Existence of global spherically symmetric solutions with vacuum

Solutions conserve total mass and have finite energy

Effective velocity satisfies a damped transport equation

Abstract

We consider the initial-boundary value problem (IBVP) for the isentropic compressible Navier-Stokes equations (\textbf{CNS}) in the domain exterior to a ball in $\mathbb R^d$ $(d=2\ \text{or} \ 3)$. When viscosity coefficients are given as a constant multiple of the mass density $\rho$, based on some analysis of the nonlinear structure of this system, we prove the global existence of the unique spherically symmetric classical solution for (large) initial data with spherical symmetry and far field vacuum in some inhomogeneous Sobolev spaces. Moreover, the solutions we obtained have the conserved total mass and finite total energy. $\rho$ keeps positive in the domain considered but decays to zero in the far field, which is consistent with the facts that the total mass is conserved, and \textbf{CNS} is a model of non-dilute fluids where $\rho$ is bounded away from the vacuum. To prove the existence, on the one hand, we consider a well-designed reformulated structure by introducing some new variables, which, actually, can transfer the degeneracies of the time evolution and the viscosity to the possible singularity of some special source terms.
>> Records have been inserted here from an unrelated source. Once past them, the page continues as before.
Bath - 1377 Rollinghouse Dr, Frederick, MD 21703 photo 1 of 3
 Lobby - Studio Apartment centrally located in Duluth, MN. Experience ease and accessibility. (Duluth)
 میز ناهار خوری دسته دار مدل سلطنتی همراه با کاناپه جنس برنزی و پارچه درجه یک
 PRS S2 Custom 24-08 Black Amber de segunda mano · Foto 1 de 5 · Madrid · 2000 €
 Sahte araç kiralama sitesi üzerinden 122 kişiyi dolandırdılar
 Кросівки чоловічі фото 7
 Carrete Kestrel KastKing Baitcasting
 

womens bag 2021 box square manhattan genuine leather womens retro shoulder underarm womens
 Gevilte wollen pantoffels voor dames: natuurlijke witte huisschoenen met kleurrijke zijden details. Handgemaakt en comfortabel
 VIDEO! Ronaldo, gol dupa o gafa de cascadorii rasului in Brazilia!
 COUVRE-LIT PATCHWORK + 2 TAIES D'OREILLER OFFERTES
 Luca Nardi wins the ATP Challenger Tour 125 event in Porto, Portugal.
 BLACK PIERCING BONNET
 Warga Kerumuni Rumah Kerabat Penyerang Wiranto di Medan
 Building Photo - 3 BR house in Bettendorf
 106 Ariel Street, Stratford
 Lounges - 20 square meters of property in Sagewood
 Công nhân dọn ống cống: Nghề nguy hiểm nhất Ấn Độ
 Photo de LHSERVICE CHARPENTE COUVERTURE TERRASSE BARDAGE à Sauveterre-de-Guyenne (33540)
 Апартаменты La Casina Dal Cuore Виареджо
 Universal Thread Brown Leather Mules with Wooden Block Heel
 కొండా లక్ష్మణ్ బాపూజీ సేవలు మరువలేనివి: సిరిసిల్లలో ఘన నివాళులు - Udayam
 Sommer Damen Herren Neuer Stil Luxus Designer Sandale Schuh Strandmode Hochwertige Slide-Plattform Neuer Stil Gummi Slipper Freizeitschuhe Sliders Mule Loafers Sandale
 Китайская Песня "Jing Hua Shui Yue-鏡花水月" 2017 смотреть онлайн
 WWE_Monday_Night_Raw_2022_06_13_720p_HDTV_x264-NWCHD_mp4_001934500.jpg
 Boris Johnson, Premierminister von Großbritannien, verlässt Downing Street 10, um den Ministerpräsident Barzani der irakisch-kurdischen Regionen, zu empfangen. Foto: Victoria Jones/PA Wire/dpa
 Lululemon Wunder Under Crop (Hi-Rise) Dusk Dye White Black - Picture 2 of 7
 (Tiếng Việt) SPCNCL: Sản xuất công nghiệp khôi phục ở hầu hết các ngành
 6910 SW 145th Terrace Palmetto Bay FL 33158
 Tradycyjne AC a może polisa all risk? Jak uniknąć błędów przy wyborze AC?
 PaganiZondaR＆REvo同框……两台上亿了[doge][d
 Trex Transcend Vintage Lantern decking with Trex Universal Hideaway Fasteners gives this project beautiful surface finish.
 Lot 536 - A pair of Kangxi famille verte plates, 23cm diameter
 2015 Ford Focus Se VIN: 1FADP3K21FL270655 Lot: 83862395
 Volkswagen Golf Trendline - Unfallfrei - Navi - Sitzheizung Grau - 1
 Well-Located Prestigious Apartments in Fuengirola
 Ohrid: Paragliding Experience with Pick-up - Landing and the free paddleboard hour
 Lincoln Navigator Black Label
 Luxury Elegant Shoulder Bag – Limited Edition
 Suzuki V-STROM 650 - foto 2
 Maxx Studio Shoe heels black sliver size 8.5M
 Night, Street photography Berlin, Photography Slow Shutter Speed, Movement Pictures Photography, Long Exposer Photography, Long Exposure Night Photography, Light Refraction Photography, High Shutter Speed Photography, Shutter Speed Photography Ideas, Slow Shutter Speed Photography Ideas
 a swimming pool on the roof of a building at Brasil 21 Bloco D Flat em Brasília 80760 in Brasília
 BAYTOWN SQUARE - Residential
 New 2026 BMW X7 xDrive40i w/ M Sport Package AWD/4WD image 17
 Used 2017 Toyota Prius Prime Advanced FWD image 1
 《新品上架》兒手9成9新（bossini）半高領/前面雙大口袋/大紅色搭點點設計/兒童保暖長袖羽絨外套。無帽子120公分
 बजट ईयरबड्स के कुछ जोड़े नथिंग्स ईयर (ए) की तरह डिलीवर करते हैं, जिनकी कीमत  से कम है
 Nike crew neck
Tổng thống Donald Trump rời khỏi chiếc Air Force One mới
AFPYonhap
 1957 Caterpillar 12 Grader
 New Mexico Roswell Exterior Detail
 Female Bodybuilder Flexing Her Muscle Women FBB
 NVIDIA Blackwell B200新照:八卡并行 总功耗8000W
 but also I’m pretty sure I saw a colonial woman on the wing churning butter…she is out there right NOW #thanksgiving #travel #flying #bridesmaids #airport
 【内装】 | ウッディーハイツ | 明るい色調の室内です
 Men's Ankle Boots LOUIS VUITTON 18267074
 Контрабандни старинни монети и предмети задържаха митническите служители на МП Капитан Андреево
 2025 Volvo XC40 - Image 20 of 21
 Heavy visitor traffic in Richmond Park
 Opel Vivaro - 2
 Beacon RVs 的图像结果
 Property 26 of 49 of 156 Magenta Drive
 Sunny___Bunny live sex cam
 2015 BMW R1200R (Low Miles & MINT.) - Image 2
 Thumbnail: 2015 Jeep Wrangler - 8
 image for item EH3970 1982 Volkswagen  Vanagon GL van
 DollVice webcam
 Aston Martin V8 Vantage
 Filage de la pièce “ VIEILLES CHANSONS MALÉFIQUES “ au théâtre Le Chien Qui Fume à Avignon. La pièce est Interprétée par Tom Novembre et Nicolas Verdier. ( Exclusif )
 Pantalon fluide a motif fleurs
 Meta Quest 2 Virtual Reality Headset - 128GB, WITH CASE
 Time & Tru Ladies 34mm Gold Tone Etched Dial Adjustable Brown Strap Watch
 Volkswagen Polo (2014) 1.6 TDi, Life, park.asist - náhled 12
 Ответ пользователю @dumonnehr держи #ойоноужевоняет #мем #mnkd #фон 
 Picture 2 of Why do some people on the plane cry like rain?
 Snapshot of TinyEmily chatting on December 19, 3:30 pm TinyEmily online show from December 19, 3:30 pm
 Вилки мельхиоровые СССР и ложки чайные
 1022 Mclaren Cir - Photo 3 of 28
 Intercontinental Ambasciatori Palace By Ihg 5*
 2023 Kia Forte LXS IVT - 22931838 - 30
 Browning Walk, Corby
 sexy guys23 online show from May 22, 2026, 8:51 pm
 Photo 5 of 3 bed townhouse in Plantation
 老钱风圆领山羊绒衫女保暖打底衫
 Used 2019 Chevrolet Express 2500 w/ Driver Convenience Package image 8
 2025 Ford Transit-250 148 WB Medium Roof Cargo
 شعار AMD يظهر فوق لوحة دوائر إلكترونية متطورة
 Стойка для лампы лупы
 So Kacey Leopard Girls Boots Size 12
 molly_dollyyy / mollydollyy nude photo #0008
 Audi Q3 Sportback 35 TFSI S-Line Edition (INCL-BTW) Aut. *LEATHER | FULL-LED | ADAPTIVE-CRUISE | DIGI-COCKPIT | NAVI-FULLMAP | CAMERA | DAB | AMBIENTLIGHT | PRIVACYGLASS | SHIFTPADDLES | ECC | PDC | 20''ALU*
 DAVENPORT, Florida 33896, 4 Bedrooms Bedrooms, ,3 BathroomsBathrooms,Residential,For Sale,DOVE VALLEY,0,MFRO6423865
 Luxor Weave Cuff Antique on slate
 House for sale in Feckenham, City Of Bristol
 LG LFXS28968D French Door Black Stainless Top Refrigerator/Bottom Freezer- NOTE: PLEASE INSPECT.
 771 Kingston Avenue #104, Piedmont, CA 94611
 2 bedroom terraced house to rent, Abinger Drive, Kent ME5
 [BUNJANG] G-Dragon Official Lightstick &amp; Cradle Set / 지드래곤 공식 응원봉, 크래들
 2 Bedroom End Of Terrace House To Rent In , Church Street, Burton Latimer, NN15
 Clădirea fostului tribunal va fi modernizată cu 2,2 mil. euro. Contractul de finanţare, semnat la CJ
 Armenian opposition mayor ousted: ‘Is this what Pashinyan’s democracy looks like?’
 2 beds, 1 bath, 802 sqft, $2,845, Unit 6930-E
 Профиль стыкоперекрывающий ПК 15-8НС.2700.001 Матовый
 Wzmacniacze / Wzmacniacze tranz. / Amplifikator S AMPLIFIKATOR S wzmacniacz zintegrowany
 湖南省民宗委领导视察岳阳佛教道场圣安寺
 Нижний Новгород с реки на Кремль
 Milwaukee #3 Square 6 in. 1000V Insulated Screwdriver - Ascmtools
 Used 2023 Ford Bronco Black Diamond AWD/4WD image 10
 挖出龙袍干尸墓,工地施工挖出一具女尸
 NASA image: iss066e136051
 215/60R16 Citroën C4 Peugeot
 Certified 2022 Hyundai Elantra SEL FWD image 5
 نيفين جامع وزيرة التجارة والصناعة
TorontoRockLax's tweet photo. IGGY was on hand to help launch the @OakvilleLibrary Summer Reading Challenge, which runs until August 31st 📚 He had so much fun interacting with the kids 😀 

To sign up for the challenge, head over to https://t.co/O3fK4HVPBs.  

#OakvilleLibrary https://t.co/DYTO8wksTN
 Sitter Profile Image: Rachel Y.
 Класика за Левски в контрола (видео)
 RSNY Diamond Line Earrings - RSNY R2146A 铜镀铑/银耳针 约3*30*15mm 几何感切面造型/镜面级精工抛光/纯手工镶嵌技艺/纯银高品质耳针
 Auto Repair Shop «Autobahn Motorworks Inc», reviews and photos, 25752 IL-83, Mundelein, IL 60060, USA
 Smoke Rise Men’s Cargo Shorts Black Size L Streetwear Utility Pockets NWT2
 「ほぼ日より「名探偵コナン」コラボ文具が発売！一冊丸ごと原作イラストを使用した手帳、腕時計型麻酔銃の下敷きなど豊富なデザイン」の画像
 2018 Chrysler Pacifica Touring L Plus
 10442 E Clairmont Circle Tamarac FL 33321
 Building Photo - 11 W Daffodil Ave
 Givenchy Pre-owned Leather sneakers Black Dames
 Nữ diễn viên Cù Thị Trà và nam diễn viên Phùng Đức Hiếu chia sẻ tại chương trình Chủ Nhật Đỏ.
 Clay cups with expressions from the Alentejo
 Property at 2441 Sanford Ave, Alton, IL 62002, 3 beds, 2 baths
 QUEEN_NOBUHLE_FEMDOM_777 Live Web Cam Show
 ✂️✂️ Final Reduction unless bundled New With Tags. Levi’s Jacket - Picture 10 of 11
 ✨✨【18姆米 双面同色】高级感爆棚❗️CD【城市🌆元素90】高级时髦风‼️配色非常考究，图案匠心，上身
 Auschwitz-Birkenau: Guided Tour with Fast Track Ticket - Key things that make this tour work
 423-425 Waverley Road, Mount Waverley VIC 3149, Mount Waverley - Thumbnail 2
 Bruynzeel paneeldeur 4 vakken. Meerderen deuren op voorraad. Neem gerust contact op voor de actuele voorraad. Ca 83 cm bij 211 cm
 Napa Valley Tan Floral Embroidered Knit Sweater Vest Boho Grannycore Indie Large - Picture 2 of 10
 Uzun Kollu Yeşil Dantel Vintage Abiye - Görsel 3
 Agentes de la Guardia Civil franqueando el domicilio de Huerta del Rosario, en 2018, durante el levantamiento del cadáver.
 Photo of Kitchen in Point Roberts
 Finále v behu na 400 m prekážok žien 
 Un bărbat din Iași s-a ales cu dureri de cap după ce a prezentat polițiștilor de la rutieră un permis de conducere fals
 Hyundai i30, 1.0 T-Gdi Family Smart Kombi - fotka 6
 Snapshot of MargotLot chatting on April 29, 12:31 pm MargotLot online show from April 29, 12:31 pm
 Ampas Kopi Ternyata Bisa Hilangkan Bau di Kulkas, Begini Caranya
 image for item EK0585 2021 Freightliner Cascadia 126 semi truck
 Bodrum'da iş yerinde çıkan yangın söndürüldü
On the other hand, it is observed that, for the spherically symmetric flow, the radial projection of the so-called effective velocity $\boldsymbol{v} =U+\nabla \varphi(\rho)$ ($U$ is the velocity of the fluid, and $\varphi(\rho)$ is a function of $\rho$ defined via the shear viscosity coefficient $\mu(\rho)$: $\varphi'(\rho)=2\mu(\rho)/\rho^2$), verifies a damped transport equation which provides the possibility to obtain its upper bound. Then combined with the BD entropy estimates, one can obtain the required uniform a priori estimates of the solution. It is worth pointing out that the frame work on the well-posedness theory established here can be applied to the shallow water equations.